Logo na página 9, somos apresentados a essa personagem da seguinte forma. “Nunca tinha me ocorrido que minha esposa era uma pessoa especial até ela adotar o estilo de vida vegetariano. Para ser bem franco, não me senti atraído por ela na primeira vez que a vi. Estatura mediana. O cabelo não era nem comprido nem curto. Tinha a pele levemente amarelada, as maçãs do rosto um pouco pronunciadas. Vestia-se de forma neutra, como se tivesse algum tipo de receio de se destacar”.

A primeira parte da obra, portanto, é narrada pelo marido, um homem sem grandes qualidades, mediano em quase tudo, contrariado com as mudanças sofridas pela mulher e que o atingem diretamente. Quanto a Yeonghye, vê-se claramente se tratar de alguém bastante comum (uma pessoa medíocre, diriam os mais críticos), receosa de qualquer destaque individual. Mas é ela a protagonista dessa história.

O romance é dividido em três partes, sendo a primeira a da mudança repentina da protagonista e seus efeitos nas relações familiares. Na segunda parte, somos conduzidos por um narrador onisciente capaz de descrever os pensamentos luxuriosos do cunhado da protagonista, um artista obcecado com a ideia de pintar o corpo nu de Yeonghye (com quem acaba se envolvendo intimamente). É a irmã mais velha, traída duplamente, quem assume papel de destaque nas páginas finais de A Vegetariana, num tom melancólico e desesperançoso a respeito da vida e do futuro.

Domínio da narrativa

A escrita de Han Kang é elegante, enxuta, sem cair em sentimentalismos (o que grande parte dos escritores atuais não consegue evitar). Se por um lado alguns de seus críticos a consideram jovem (ela tem 53 anos) ou injustificada para o prêmio com que fora laureada na semana passada, por outro não podem chamá-la de escritora ruim. Kang tem o domínio da narrativa, e se a sua obra não pode ser comparada com outras do passado, de autores também laureados, como Saul Bellow ou Octavio Paz, não é pela menor qualidade da escrita em si, mas das imagens representadas. Quero dizer, como contadora de histórias, a autora de Atos Humanos (2014) e O Livro Branco (2016) não deixa a desejar, e talvez o mal-estar que cause em alguns de seus leitores seja em razão do “quê”, e não do “como” são narrados seus romances. E, dessa forma, voltamos a falar de espelhos.

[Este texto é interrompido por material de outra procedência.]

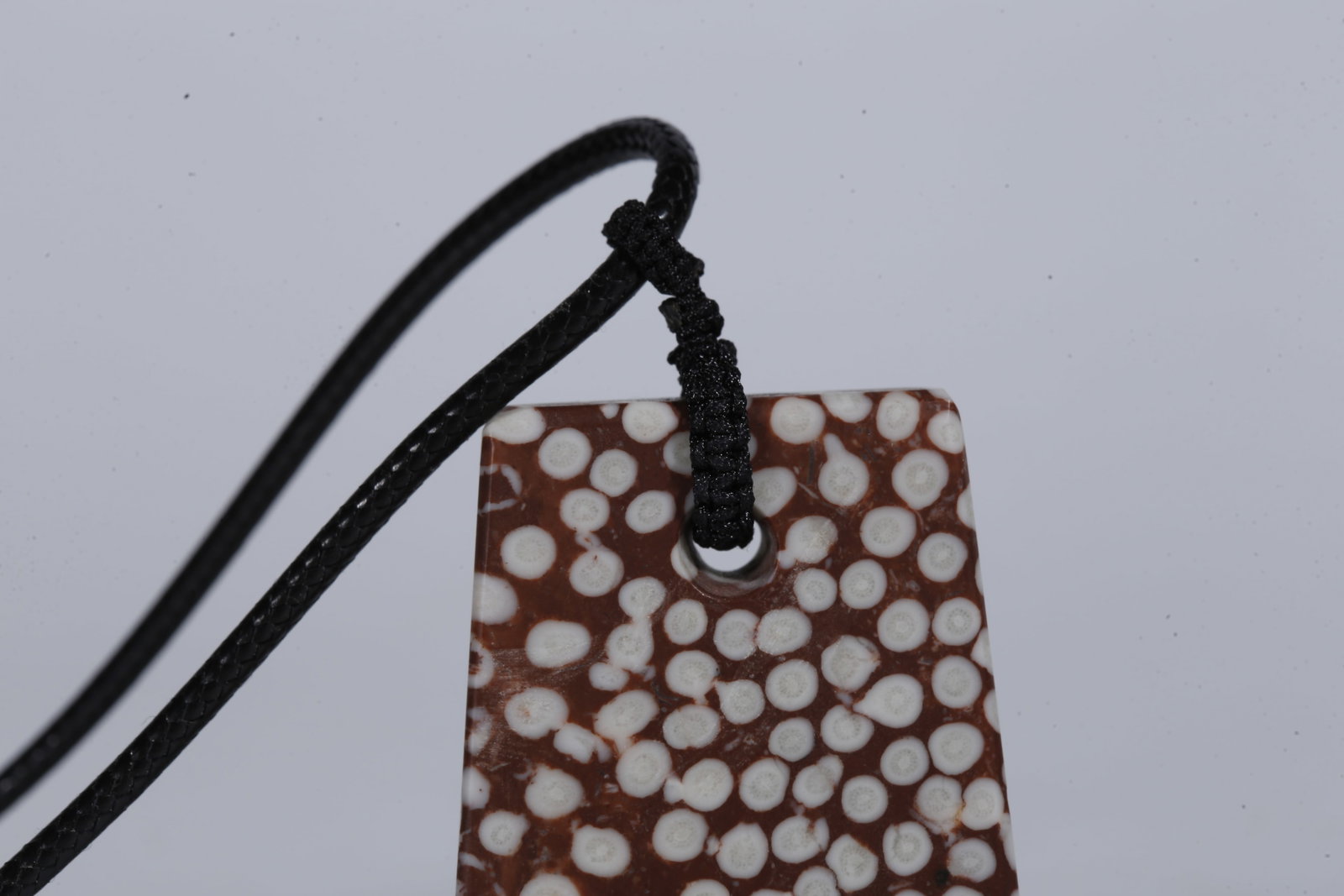 A STONE PENDANT - 2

Não quero que o leitor tome este texto como saudosista ou antimoderno, mas considero inegável certa diminuição do horizonte de consciência sofrida pelas gerações mais recentes. Tanto no cinema quanto na música, no teatro e, evidentemente, na literatura, é comum fazermos comparações de obras atuais com obras passadas. Nessas comparações, sentimos um gosto amargo na boca por qualquer coisa perdida no tempo. Onde está Nelson Rodrigues hoje, ou Heitor Villa-Lobos, para citar dois grandes brasileiros? Quem são seus herdeiros, quem mantém o fogo da tradição, quem são os intelectuais que tornam presentes certos valores universais para a geração de agora? Dito de outro modo: não carecemos de novas (ou atualizadas) imagens da grandeza, de arte chamada “elevada”, de histórias e personagens capazes dos atos mais belos, verdadeiros e bons? E, se isso for verdade, se por acaso vivemos um tempo de “baixeza cultural”, não era justamente essa a maior justificativa para produzirmos outra arte, qualquer coisa à altura das anteriores?

Han Kang preferiu ou só pôde tomar outro caminho: o do realismo. Sua protagonista de A Vegetariana é uma mulher vulgar que se torna especial por uma espécie de sonho ou loucura assentida. Já na parte final do livro, passa a se identificar como planta, escolhendo o sol como fonte de nutrição, derramando seiva a partir do próprio sexo, negando qualquer tipo de comida que desejem lhe dar. Em razão de suas angústias, solidão e inaptidões para a vida, a maioria de nós, seus leitores, sente um mal-estar ao longo do texto; um desconforto específico, provavelmente incomum no leitor que estivesse lendo Orgulho e Preconceito no século XIX. Mas o problema maior, a meu ver, não é exatamente com a literatura de A Vegetariana – afinal, Yeonghye é alguém do nosso tempo – e, sim, comigo, talvez com você, que não suportamos a imagem refletida no espelho.